SBVR — quantifications based on cardinality

  • Key: SBVR-67
  • Legacy Issue Number: 9724
  • Status: closed  
  • Source: Thematix Partners LLC ( Mr. Edward J. Barkmeyer)
  • Summary:

    Doc: dtc/06-03-02
    Date: March 2006
    Version: Interim Convenience Document
    Chapter: 9.1.1.7
    Pages:
    Nature: Editorial
    Severity: minor

    Description:

    General problems in clause 9.1.1.7:

    a. Logical quantifications are intensive; they do not require the materialization of the set of satisfying instances. Cardinality quantifications are extensive; they require materialization of the set. It is not clear that the extensions of all SBVR concepts are sets, and it is clear that many of them cannot be materialized. In general, cardinality-based quantifications can only apply to projections.
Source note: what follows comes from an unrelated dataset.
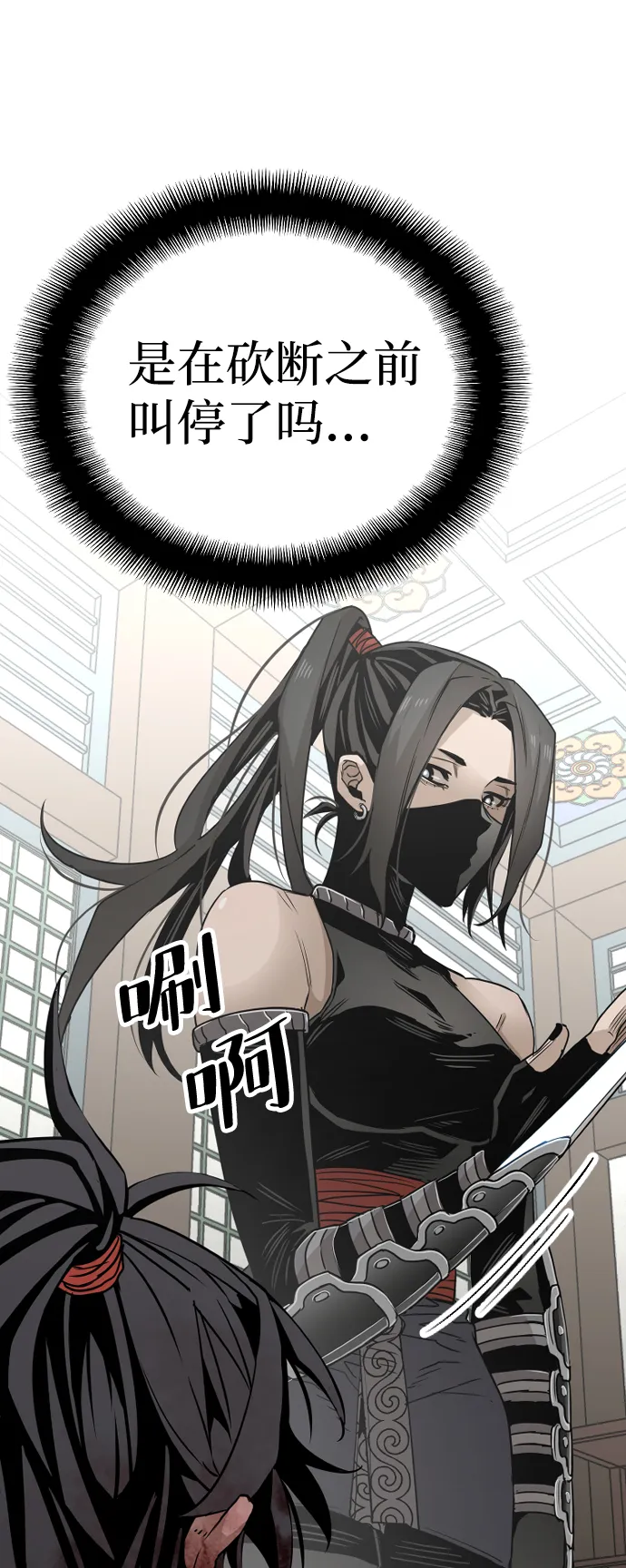 第5话 第69页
    Note: The intensive version of the "at most 1" quantification for a predicate P is a "uniqueness rule" (a Necessity): IF P AND P THEN x = y. So it is possible to specify "at most 1" and "exactly 1" quantification without using cardinalities.

    b. Cardinality requires a notion of "equality" defined on the instances from which the set is drawn. Otherwise cardinality cannot be measured. SBVR appears to introduce this concept via Reference Schemes, but it does not do so explicitly in discussing cardinality.

    c. The current definitions of the cardinality-based 'quantifications' (at least n, at most n, etc.) refer to undefined operations.

    Other problems:

    In what fact-type is Cardinality a role?
    Cardinality is a property of a set, that is, a fact-type about a set, viz. 'set' has cardinality 'non-negative integer'.

    The definitions of maximum and minimum cardinality are meaningless. These terms are roles in some unspecified fact types that make use of 'integer' is less than 'integer'.

    Recommendation:

    Before Cardinality, insert new section heading.

    Change the definition of 'cardinality' to read:
    non-negative integer designating the number of distinguished things in a collection

    Specify the fact-types in which maximum and minimum cardinality are 'roles'. Or don't bother and specify cardinality quantifications as fact-types. E.g. at-most-n quantification:
    X has at most n Ys
    is interpreted:
    for any given X, the cardinality of the projection = 'set of all Y such that X has Y' is-less-or-equal n
    Note that such a construct IS a logical formulation, but it is NOT a "logical quantification".

  • Reported: SBVR 1.0b1 — Wed, 17 May 2006 04:00 GMT
  • Disposition: Resolved — SBVR 1.0b2
  • Disposition Summary:

    Add the fact type 'set has cardinality'. Explain the relevance of distinguishability for quantifications other than universal and existential quantification.